Pension savings should start early despite new rules

Pension savings should start early despite new rules

30 July 2010 / by Lois Avery

Pension savings need to be a priority despite yesterday's news that the default retirement age will be scrapped, that’s the message from Friends Provident.

The Government announced yesterday that they are making good their promise to abolish the age 65 retirement rule next October, but experts are warning that Britain is not well equipped to deal with people working and living longer.

Friends Provident has also warned that getting rid of the default retirement age could mean people put off saving for retirement and may rely on being able to work longer in order to top up their pension pots.

But in order for the system to work, savers in the UK need reminding to start planning ahead for their financial future or face working into their seventies.

They argue that although abolishing the default retirement age will make it easier for people in the UK to work longer, there will be a proportion of the older population who may not be fit enough.

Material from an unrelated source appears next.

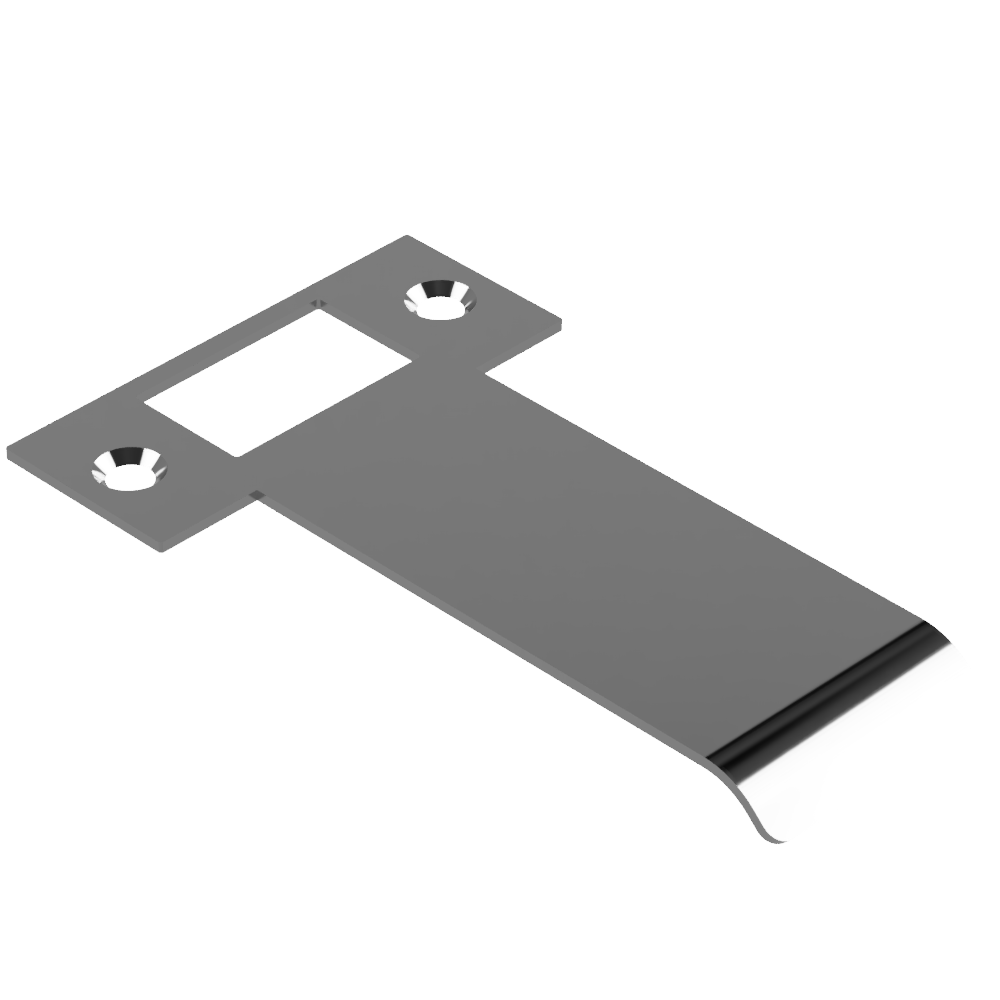 Extended AUS mortice lock strike plate by Style Finish Doorware, 090mm length, made of durable metal with a polished chrome finish.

Martin Palmer, head of pensions marketing at Friends Provident, said: "Axing the default retirement age clearly provides greater individual choice and freedom to work as long people want to but people need to be aware of the reality of working longer. As a nation we should start seeing retirement as a process in our lives and not a one-off event.

"We need to provide the right savings options to enable employers to provide a suitable savings culture that will encourage people to take control and start investing in their future today. Corporate platforms will offer employees the chance to select tax efficient savings that match their life goals by encouraging a greater percentage of the working population to start making provision for later on in life."